Yilkal Kefale a démissionné lors d’une réunion d’urgence du conseil régional, a rapporté l’Amhara Media Corporation (AMC). Il a été remplacé par Arega Kebede, qui dirigeait autrefois une milice officielle opérant sous l’autorité du gouvernement régional.
Yilkal a déclaré dans son message conseil qu’il avait d’abord soumis sa lettre de démission au Parti de la prospérité au pouvoir il y a huit mois, mais que les crises récentes l’avaient contraint à rester plus longtemps, a rapporté AMC.

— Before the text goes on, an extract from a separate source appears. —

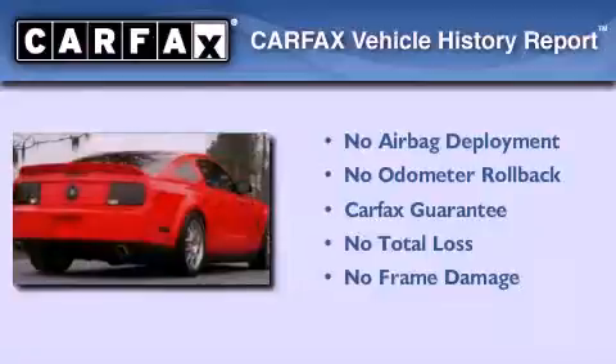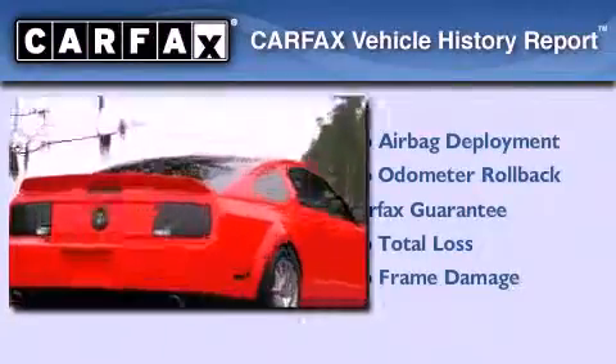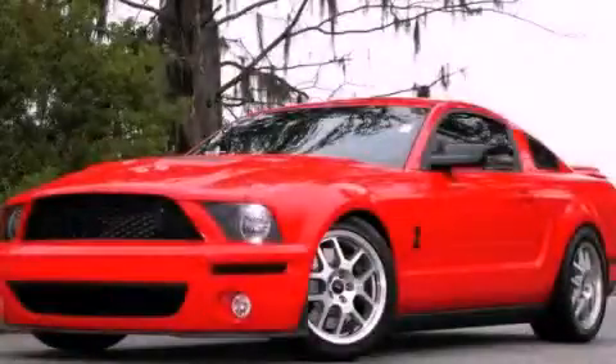Not to mention that this Ford qualifies for the Carfax buyback guarantee. We invite you to contact us today to learn more about this vehicle.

De violentes manifestations ont éclaté en avril à Amhara, la deuxième région la plus peuplée des 12 régions d’Éthiopie, après que le Premier ministre Abiy Ahmed a ordonné que les forces de sécurité régionales soient intégrées à la police ou à l’armée fédérale.
De nombreux Amharas considèrent que cet ordre vise à compromettre la sécurité de la région. Le gouvernement fédéral a nié cette affirmation et a déclaré que le décret visait à renforcer l’unité nationale.
Des griefs similaires ont conduit aux affrontements qui ont éclaté à la fin du mois dernier entre l’armée et Fano, une milice locale qui avait combattu en soutien aux troupes fédérales pendant la guerre civile de deux ans dans la région voisine du Tigré qui s’est terminée en novembre dernier.
Les forces fédérales ont réussi à chasser les miliciens Fano de la plupart des grandes villes au début du mois, mais les combats se poursuivent dans les zones rurales, selon les habitants et les groupes militants.